I need to make a zip file archiving ~100k files from a directory containing ~500k files. I get "argument list too long" errors when I try the obvious commands:

zip *pattern*.txt                        # fails
zip `find . -name "*pattern*.txt"`       # fails

One approach is to use the -@ option to feed a list of files in via stdin:

find . -name "*pattern*.txt" | zip -@

However, the zip man page says:

If a file list is specified as -@ [Not on MacOS], zip takes the list of input files from standard input instead of from the command line.

It's the "Not on MacOS" that is bugging me. I went ahead and tried the -@ option, and it seems to work; but I'm feeling nervous about whether it's really doing the right job (archiving all the files, intact).

Here are my questions:

  1. Why would -@ not be OK on MacOS?
  2. Are there some versions of MacOS/bash/zip where this warning is true, and others where it is not? Is this an obsolete warning, and if so, where is the dividing line?
  3. What would be a viable approach for this problem without using -@?

Note that the solution given here zip: Argument list too long (80.000 files in overall) will not work; I need to be archiving some, not all, of the files in the directory.

I'm running Mac OS 10.7.5. Here is some version info:

$ bash --version
GNU bash, version 3.2.48(1)-release (x86_64-apple-darwin11)
$ zip --version
This is Zip 3.0 (July 5th 2008), by Info-ZIP.
Compiled with gcc 4.2.1 (Based on Apple Inc. build 5658) (LLVM build 2335.15.00) for Unix (Mac OS X) on Jun 24 2011.

Best Answer

First of all,

zip `find . -name "*pattern*.txt"`

is never a good idea. Filenames can contain spaces, newlines character, parts that could interpreted as switches and whatnot.

To perform an action for every found file, you can use the -exec switch or xargs.

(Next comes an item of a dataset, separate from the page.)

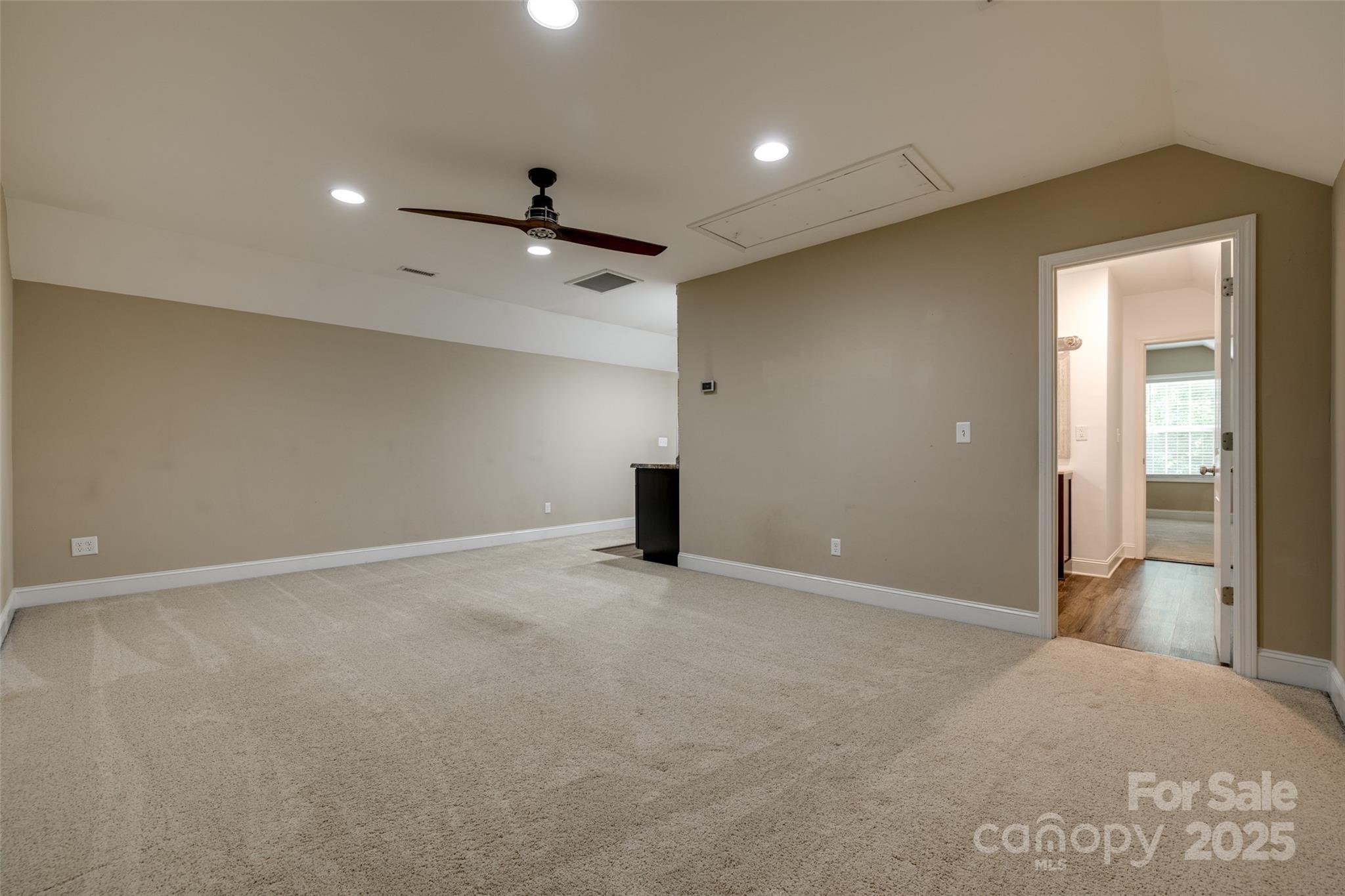 Caroland Acres - Residential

find . -name "*pattern*.txt" -exec zip {} +

will add the files one by one to the zip file. Here, {} symbolizes the currently processed file.

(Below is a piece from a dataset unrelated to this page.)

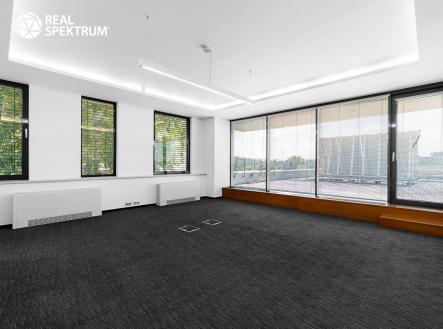 Pronájem kanceláře, 74 m²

Terminating the -exec argument with a + instead of ; causes find to process several file at once (as many as it can without generating the same errors you're getting), which should be considerably faster for a large number of files.

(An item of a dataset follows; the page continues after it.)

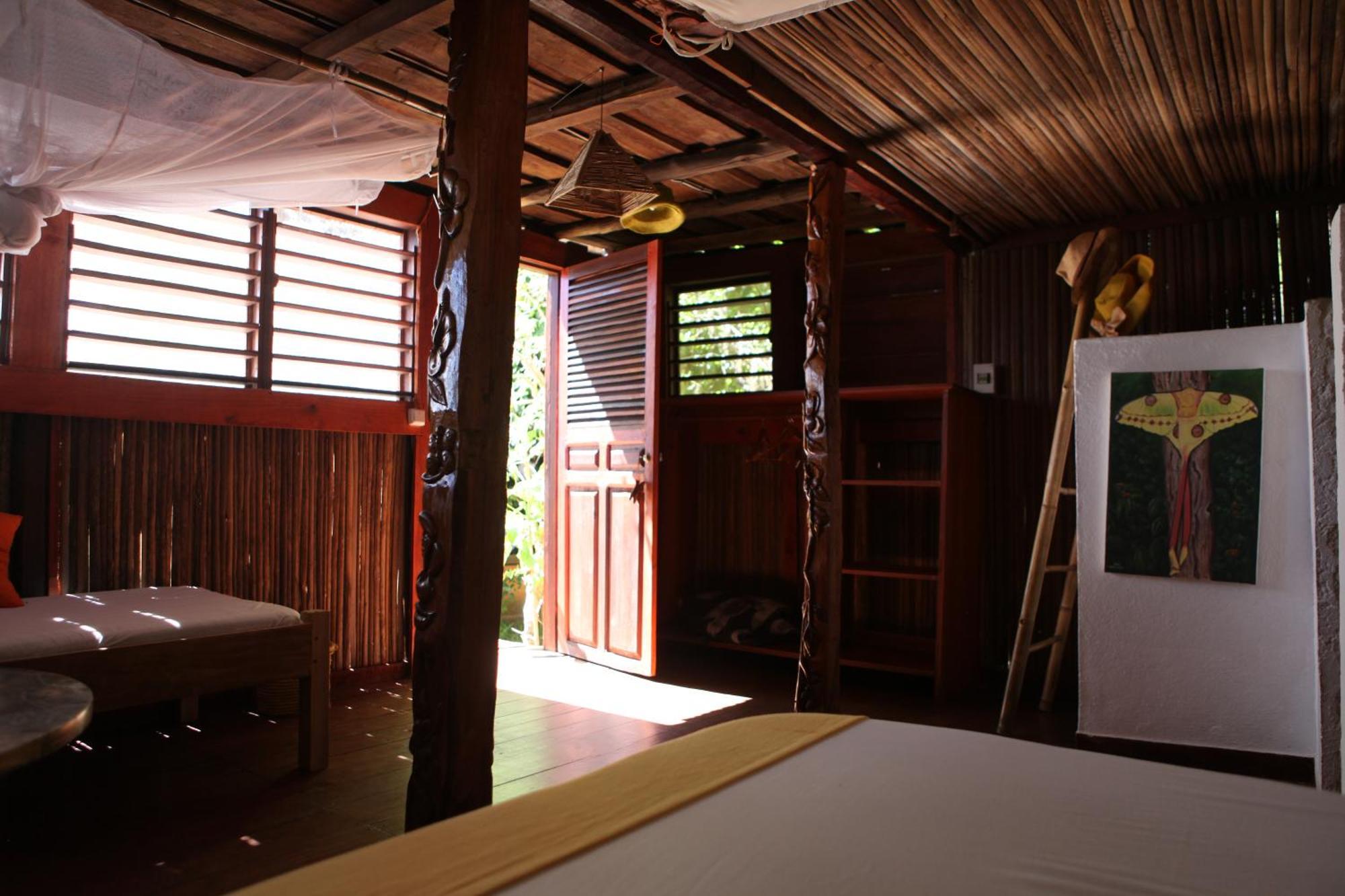 Floraly Komba Hotel - Nosy Komba Exterior foto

find . -name "*pattern*.txt" -print0 | xargs -0 zip

does essentially the same. xargs processes several files at once by default.

The -print0 switch to find and -0 switch to xargs make them use null characters as file separators to deal properly with strange filenames.

I don't know why the -@ isn't recommended for Mac OS1, but find ... | zip -@ will not handle strange filenames (specifically, filenames containing newline characters) properly. This is true regardless of the operating system.

1 I'm guessing this applies only to Mac OS up to version 9.x, since Mac OS used carriage returns as newline characters, while zip -@ expects linefeeds.